Given data ::
********
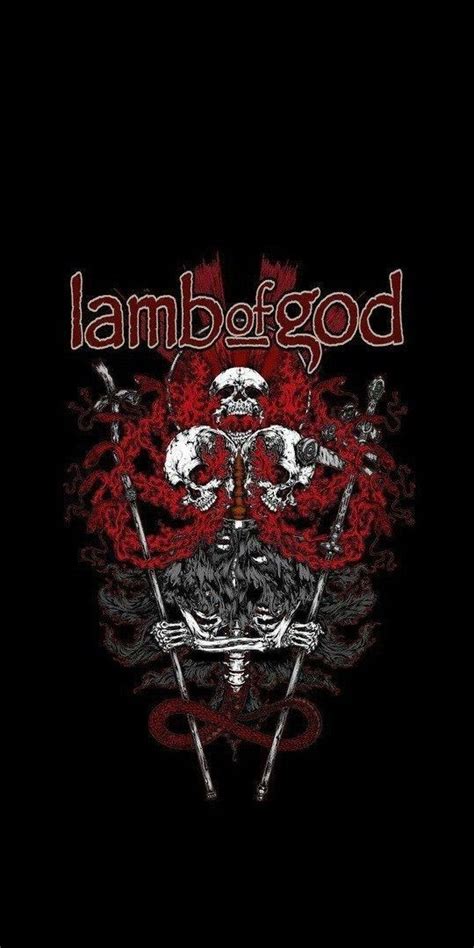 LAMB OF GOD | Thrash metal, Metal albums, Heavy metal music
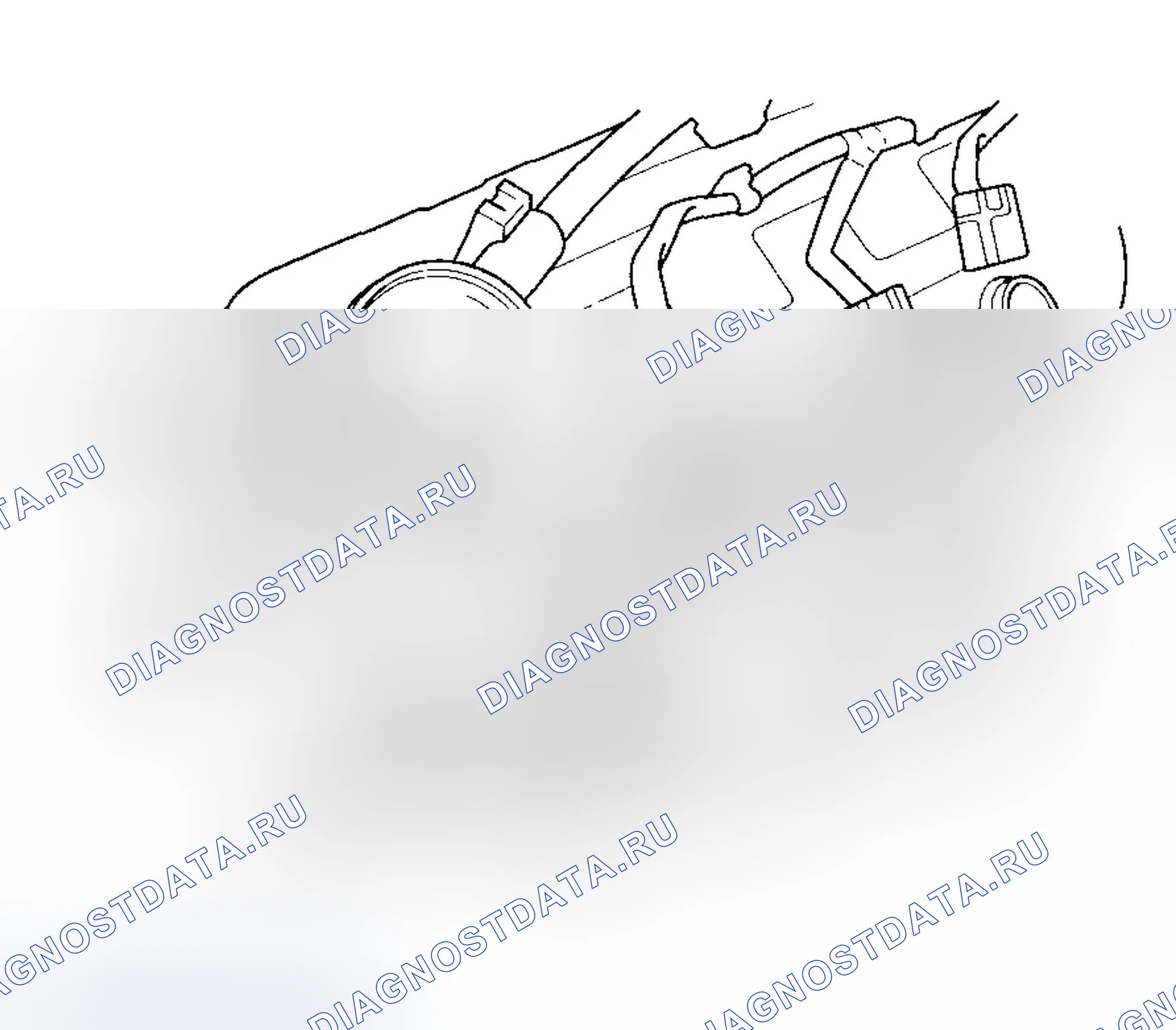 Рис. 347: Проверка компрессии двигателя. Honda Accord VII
********
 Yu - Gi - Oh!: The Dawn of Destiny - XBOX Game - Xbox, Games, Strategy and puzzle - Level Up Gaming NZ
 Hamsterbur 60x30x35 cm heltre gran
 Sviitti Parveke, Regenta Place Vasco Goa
********
What is required :: With the pictures omitted, restate word for word the lines above from the line that has "Heavy metal music" up to and including the line that has "Рис. 347: Проверка", and no other lines.

Response ::
 LAMB OF GOD | Thrash metal, Metal albums, Heavy metal music
 Рис. 347: Проверка компрессии двигателя. Honda Accord VII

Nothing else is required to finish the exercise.